● **Records for the exercise**:

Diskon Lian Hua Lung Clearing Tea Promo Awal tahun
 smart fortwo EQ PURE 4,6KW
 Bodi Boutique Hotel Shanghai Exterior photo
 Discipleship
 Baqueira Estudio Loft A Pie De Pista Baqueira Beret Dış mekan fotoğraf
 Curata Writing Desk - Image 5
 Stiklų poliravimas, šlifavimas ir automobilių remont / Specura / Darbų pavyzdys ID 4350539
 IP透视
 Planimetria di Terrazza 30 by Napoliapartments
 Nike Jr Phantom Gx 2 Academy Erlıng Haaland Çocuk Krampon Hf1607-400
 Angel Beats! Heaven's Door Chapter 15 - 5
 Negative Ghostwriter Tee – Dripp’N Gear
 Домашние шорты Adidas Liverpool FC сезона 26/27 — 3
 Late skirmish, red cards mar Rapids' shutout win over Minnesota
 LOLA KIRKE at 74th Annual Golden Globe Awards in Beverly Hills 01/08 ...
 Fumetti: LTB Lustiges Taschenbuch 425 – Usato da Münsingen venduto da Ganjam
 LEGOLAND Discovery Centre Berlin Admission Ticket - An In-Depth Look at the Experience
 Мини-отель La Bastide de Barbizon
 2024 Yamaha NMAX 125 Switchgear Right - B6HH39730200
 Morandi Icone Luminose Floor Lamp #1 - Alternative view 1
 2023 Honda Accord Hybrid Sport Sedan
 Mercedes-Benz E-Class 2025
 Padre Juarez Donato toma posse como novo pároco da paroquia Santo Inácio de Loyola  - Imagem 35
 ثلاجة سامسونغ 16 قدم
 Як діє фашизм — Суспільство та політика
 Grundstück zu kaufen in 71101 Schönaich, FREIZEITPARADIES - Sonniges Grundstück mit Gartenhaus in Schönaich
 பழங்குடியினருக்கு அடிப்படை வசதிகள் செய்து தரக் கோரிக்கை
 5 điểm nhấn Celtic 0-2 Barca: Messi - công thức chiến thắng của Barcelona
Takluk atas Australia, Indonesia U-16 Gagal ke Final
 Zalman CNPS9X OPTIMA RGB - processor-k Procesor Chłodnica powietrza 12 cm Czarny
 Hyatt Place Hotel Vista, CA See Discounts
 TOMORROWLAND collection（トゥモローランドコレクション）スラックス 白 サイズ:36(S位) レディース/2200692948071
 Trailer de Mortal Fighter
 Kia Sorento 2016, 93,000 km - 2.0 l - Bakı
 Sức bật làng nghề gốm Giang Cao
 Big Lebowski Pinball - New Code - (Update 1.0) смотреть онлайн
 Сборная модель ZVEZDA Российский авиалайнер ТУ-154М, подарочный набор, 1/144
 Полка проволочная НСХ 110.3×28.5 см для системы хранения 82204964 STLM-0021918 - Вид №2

● **Task brief**: Within the material above, output exactly the lines from the one with "Zalman CNPS9X OPTIMA" through the one with "Big Lebowski Pinball", end lines included, and nothing besides.

● **Answer**:
 Zalman CNPS9X OPTIMA RGB - processor-k Procesor Chłodnica powietrza 12 cm Czarny
 Hyatt Place Hotel Vista, CA See Discounts
 TOMORROWLAND collection（トゥモローランドコレクション）スラックス 白 サイズ:36(S位) レディース/2200692948071
 Trailer de Mortal Fighter
 Kia Sorento 2016, 93,000 km - 2.0 l - Bakı
 Sức bật làng nghề gốm Giang Cao
 Big Lebowski Pinball - New Code - (Update 1.0) смотреть онлайн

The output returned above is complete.